9/1/2014Envoi question
28/1/2014Réponse

Requalification de : demande d'explications 5-4239

Question n° 5-10793 du 9 janvier 2014 : (Question posée en néerlandais)

Le 4 novembre 2013, le quotidien De Standaard a publié un article sur le rejet du « dossier pilote » d'adoption d'un garçonnet marocain par des candidats à l'adoption flamands. Le dossier a été rejeté par la Cour d'appel de Gand qui a estimé que le Maroc ne disposait pas d'une législation en matière d'adoption et qu'il ne pouvait être question d'assimiler la « kafala » ou règles de tutelle marocaines à une adoption belge puisque, d'un point de vue juridique, la tutelle constitue une formule juridique très différente de l'adoption. La Cour a suivi le point de vue du Ministère public et est donc revenue sur le jugement du juge de la jeunesse de Termonde. Elle a ainsi créé un précédent en allant à contre-courant des tribunaux de la jeunesse de Bruxelles et de Wallonie qui, dans le même temps, ont légalisé plus de 80 adoptions d'enfants originaires du Maroc.

Dans ce dossier concret, l'arrêt a pour effet de placer l'enfant concerné dans un vide juridique : il n'existe (encore) aucun lien juridique entre les parents adoptifs et l'enfant.

Pourtant, le Parlement fédéral belge a adapté voici quelques années la législation belge pour permettre l'adoption d'enfants originaires de pays qui, comme le Maroc, ne disposent pas d'une législation en matière d'adoption mais bien d'une autre réglementation, comme la kafala ou législation en matière de tutelle, cette réglementation différente étant également acceptée dans notre pays.
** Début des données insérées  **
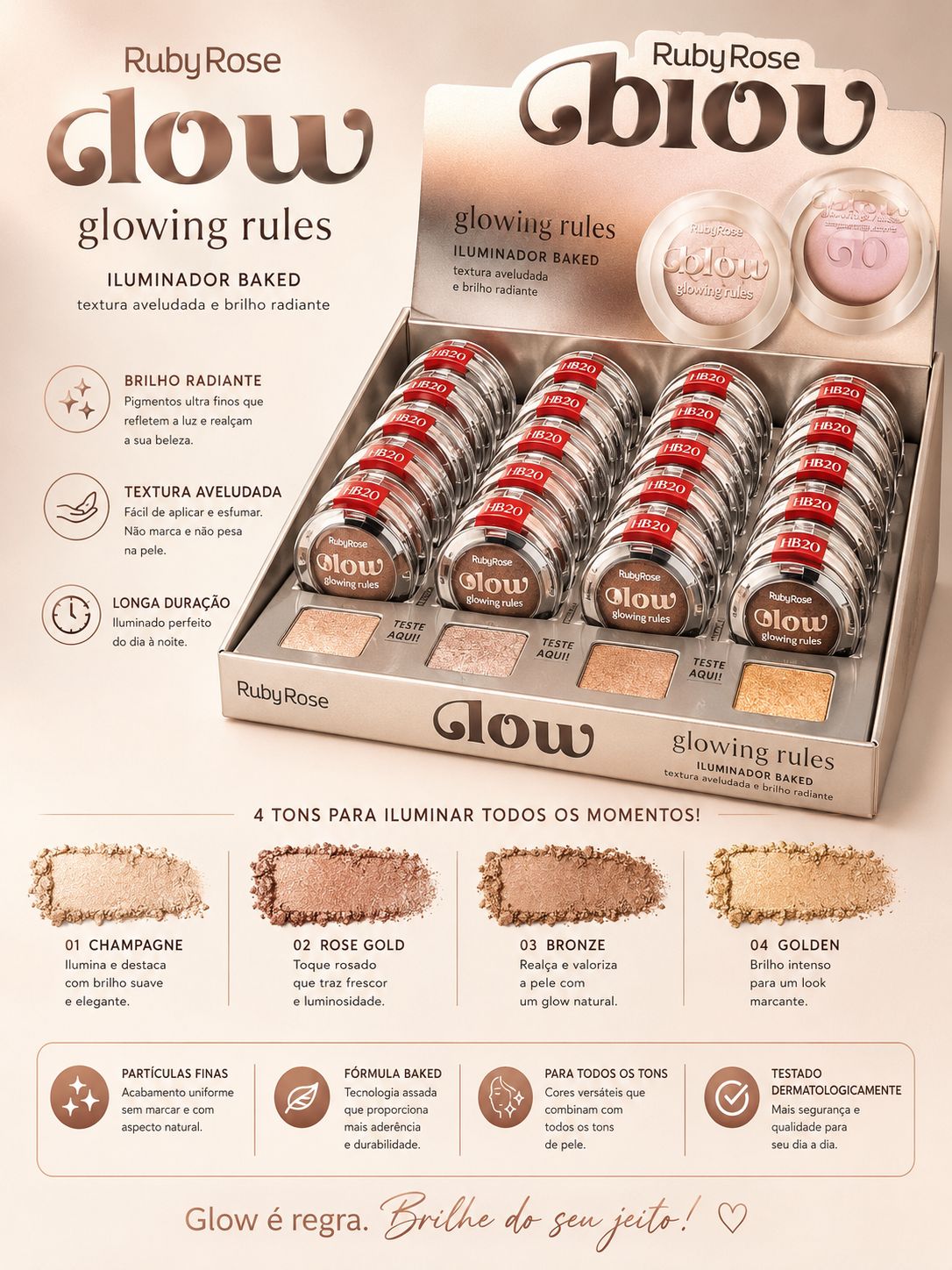 Iluminador Baked Glow Glowing Rules Ruby Rose Brilho Radiante Alta Fixação Efeito Glow Profissional Longa Duração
Cette nouvelle législation s'est avérée efficace pour les adoptions d'enfants marocains par des parents wallons ou francophones. S'appuyant sur ces expériences, le fonctionnaire flamand responsable des adoptions a décidé d'inscrire à l'essai le Maroc sur la liste des pays ouverts à l'adoption.

Il apparaît maintenant que l'un des trois dossiers pilotes est bloqué par un tribunal flamand parce qu'en Flandre, le Ministère public est d'un autre avis et que la Cour d'appel a en l'occurrence suivi cet avis. Les deux autres dossiers pilotes ont été traités sans problèmes par la chambre néerlandaise du Tribunal de la jeunesse de Bruxelles. Les adoptions ont donc bien été autorisées dans ces deux dossiers.

Par conséquent, l'autorité flamande a provisoirement retiré le Maroc des canaux d'adoption, ce qui est logique.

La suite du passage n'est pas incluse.